Von Wolfgang Dvorak-Stocker
 

„Eine Tatsache ist darum eine Tatsache, weil die Versuche sie zu leugnen an Tatsachen scheitern und nicht an der Möglichkeit, fünf Jahre für die Leugnung ins Gefängnis zu müssen.“

Im Oktober letzten Jahres verabschiedeten französische Historiker anläßlich einer Tagung den „Appell von Blois“, in dem es hieß: „In einem freien Staat ist es nicht die Aufgabe irgend einer politischen Autorität, zu definieren, was historische Wahrheit sei, geschweige denn darf sie die Freiheit des Historikers mittels Androhung von Strafsanktionen einschränken“. Dieser Appell, dem sich namhafte britische und italienische Historiker angeschlossen haben, hat bei uns wenig Resonanz gefunden. Am deutlichsten hat sich noch Arno Widmann in der linken „Frankfurter Rundschau“ gegen „Geschichtsgesetze“ ausgesprochen. Von ihm stammt auch das einleitende Zitat.

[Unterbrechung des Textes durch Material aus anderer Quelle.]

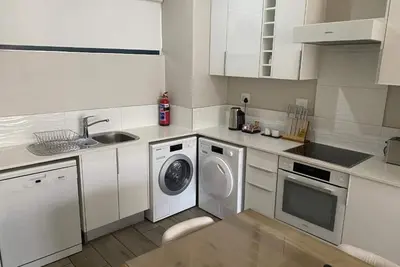 Image de Kololo Acacia Mall 3 Bedroom in a Quiet Serene Environment.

Europa ist in dieser Frage gespalten. 15 Staaten haben bisher insbesondere die Leugnung und Verharmlosung des Holocaust unter Strafe gestellt; in Frankreich genießen mittlerweile auch der Völkermord an den Armeniern und andere geschichtliche Untaten gesetzlichen Schutz. Nun wird eine europaweite Regelung angestrebt, die deutsche Justizministerin will gar die „Trivialisierung“ von Rassismus und Fremdenfeindlichkeit mit bis zu drei Jahren Gefängnis ahnden – also wohl jede Kritik an der Massenzuwanderung unter Strafe stellen. Ganz anders in England. Als die BRD Ende letzten Jahres die Auslieferung des Holocaust-Leugners Dr. Frederick Töben forderte, traten die britischen Medien nahezu geschlossen für die Redefreiheit ein. Sogar der „Jewish Chronicle“ forderte, die britische Regierung solle auf Länder wie Deutschland und Österreich einwirken, die diesbezüglichen Maulkorb-Gesetze wieder abzuschaffen.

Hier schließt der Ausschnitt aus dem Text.